President Joe Biden on Tuesday told New Zealand’s Prime Minister Jacinda Ardern that after the latest US mass shooting he wants her advice in tackling a rise in gun violence and extremist ideologies.
Meeting in the Oval Office with Ardern, Biden referred to the 2019 Christchurch slaying of 51 people in mass shootings targeting Muslims.
The bloodshed prompted New Zealand to ban military-style rifles.

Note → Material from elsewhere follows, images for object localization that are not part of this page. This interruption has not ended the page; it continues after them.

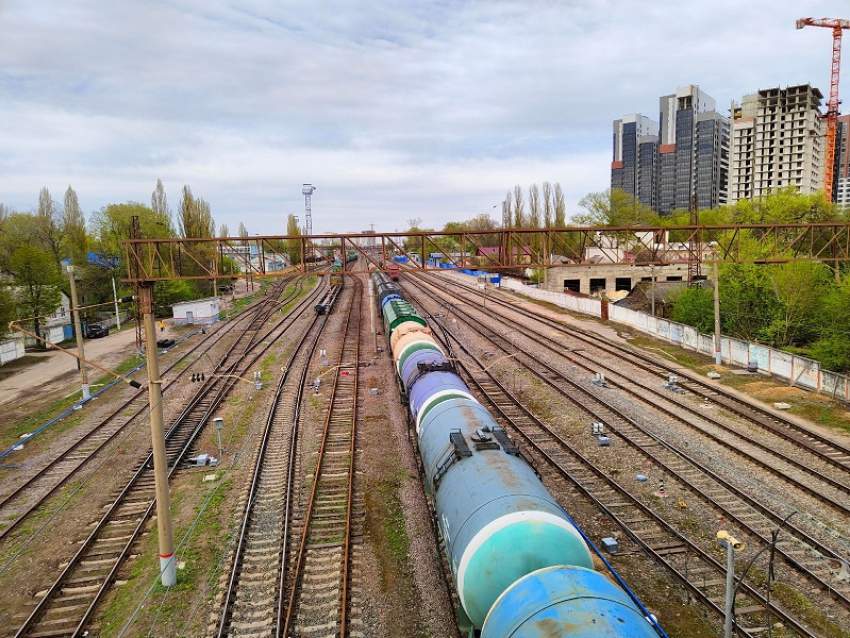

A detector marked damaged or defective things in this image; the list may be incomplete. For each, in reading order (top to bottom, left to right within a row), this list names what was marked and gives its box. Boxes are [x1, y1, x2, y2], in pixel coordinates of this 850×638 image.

rusty metal structure [796, 16, 848, 201]
rusty metal structure [121, 226, 848, 284] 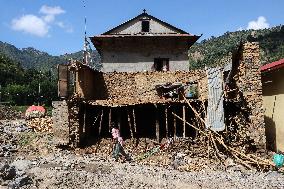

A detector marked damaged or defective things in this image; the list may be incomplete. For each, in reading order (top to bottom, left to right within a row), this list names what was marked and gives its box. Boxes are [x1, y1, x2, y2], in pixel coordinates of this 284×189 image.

damaged house [52, 11, 266, 153] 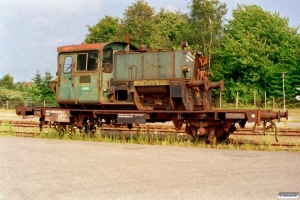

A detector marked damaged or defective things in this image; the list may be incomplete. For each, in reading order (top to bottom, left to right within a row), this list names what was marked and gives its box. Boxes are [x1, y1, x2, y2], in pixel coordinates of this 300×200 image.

A gun buy-back was also instituted.
“We need your guidance,” Biden said, calling for a “global effort to counter violence and extremism online.”
“I want to work with you on that effort,” he said.
Biden, who visited the Texan town of Uvalde on Sunday to mourn the deaths of 19 children and two teachers slain by a gunman using an assault-style rifle, said there was an “awful lot of suffering” and that “much of it is preventable.”
Less than two weeks earlier, Biden had also visited the site in New York state of another mass shooting, this time targeting African Americans.
Biden, who is under pressure to show the government is responding to the ever-growing toll, told reporters he would “meet with the Congress on guns, I promise you.”
However, with Republicans almost uniformly opposed to new restrictions on gun ownership, it appears unlikely that Biden’s Democrats can make signficant change.
Ardern offered condolences over the Texas and New York murders, saying that “our experience in this regard is our own, but if there is anything we can share that would be of any value we are here to share it.”